Most superconducting logic families aren't using transistors at all. They use Josephson junctions, which are just two pieces of superconductor separated by a non-supercondutor. RSFQ (Rapid Single Flux Quantum) uses millivolt-high picosecond-long pulses to represent logic 1 and their absence as logic zero, instead of using voltage level as in CMOS.
Are you aware of any obvious issues with manufacturing Josephson junctions using photolithography? Like, would switching to an LK-99 or similar set us back to the 70s in terms of wafer density/size?
If using that flip-flop, whole processor will be closer to 100ghz (typically there are multiple transistors which need to stabilise before you have a result of computation).

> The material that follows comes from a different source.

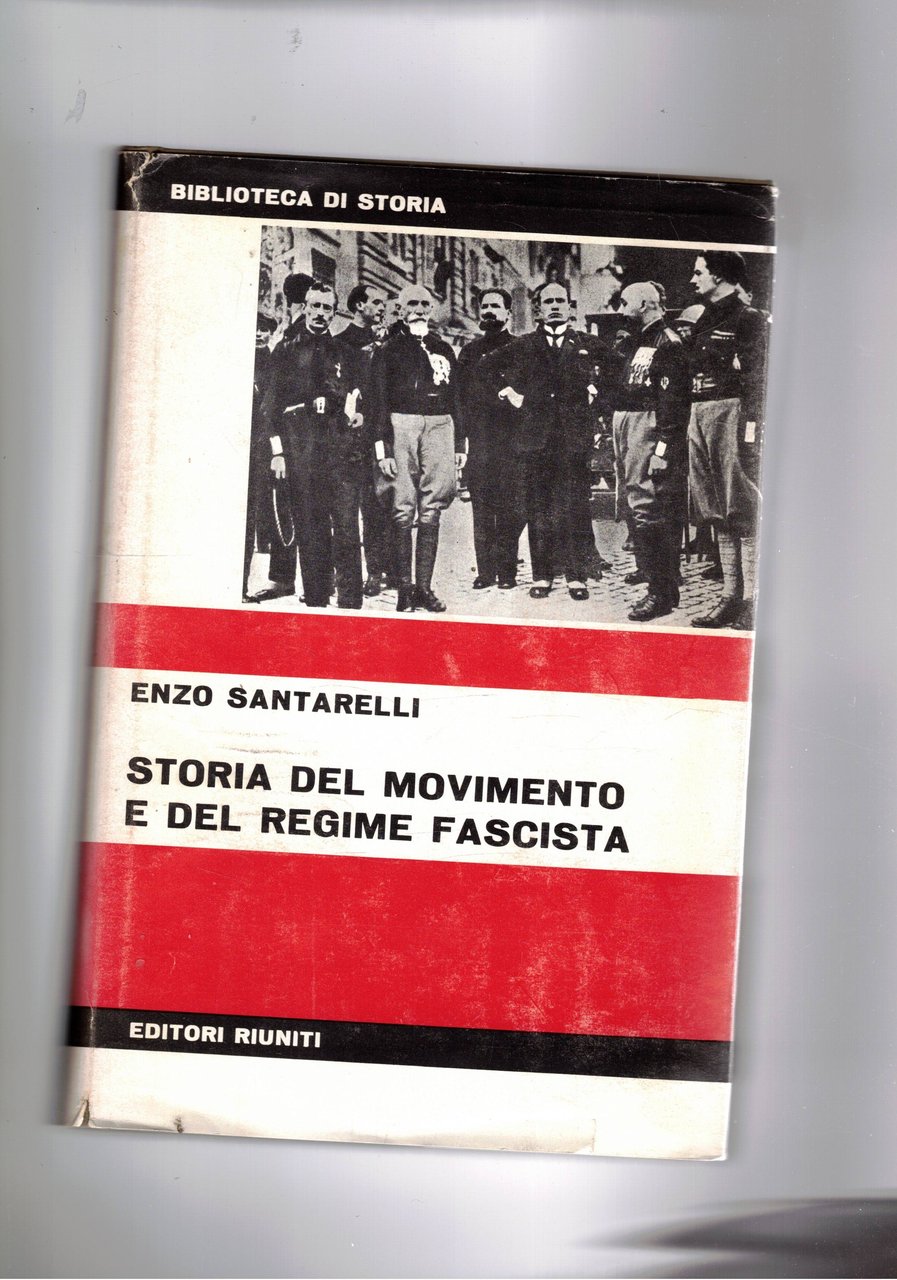 Storia del movimento e del regime fascista. Prefazione di Luigi …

But probably those superconductors could enable even faster transistors and maybe we could get 1THz processors.
I suspect you'd still need very low temperatures to make this work, even with a high temperature superconductor: low temperatures reduce thermal noise, which may be an issue at such time scales (unless you pump a lot of energy per bit, which means high voltages (limits scaling) or current/capacitances (also limits scaling).
Like IDE ribbon cables gave way to sleek SATA cables, we could have another parallel to serial transition from silicon multicore crap to superconducting single core.
No, you'll get superconducting multicore because all that will happen is that the bloat will expand to consume the new cycle budget. This has already happened many times.
I don’t think we’d necessarily have to use it for transistors, but could use it in place of the metal interconnect that is significant in terms of resistive loss.